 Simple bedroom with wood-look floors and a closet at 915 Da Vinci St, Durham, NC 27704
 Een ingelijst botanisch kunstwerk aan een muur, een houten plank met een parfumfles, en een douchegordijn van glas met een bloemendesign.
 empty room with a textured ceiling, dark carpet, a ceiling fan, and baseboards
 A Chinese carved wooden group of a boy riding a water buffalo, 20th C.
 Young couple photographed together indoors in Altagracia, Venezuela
==
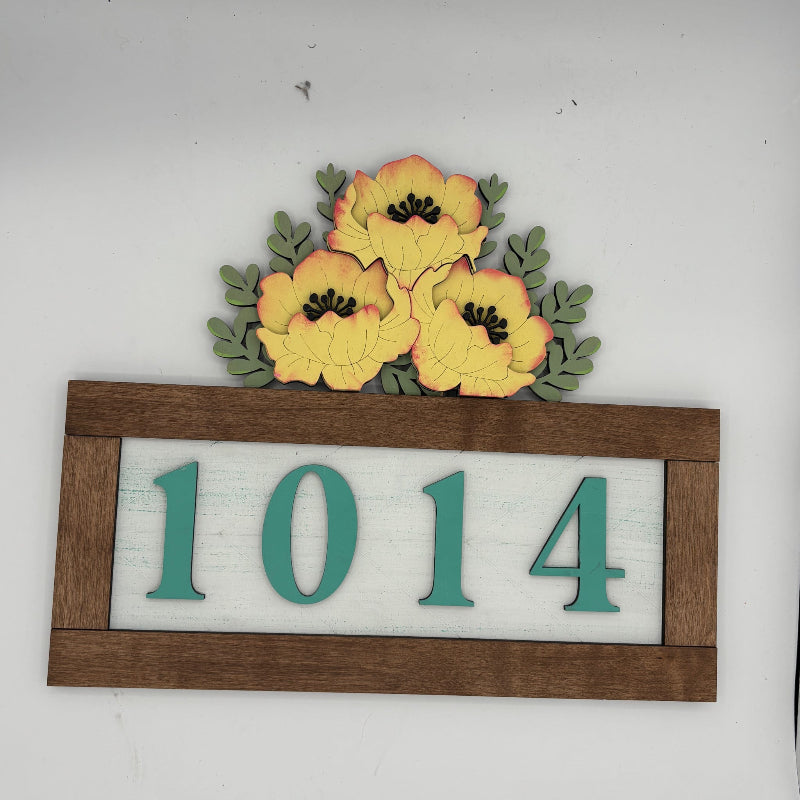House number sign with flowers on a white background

What the task asks
Working from the data above, extract solely the lines from the one containing "Simple bedroom with" through the one containing "Young couple photographed", exactly as they appear, both included.

Solution to the problem
 Simple bedroom with wood-look floors and a closet at 915 Da Vinci St, Durham, NC 27704
 Een ingelijst botanisch kunstwerk aan een muur, een houten plank met een parfumfles, en een douchegordijn van glas met een bloemendesign.
 empty room with a textured ceiling, dark carpet, a ceiling fan, and baseboards
 A Chinese carved wooden group of a boy riding a water buffalo, 20th C.
 Young couple photographed together indoors in Altagracia, Venezuela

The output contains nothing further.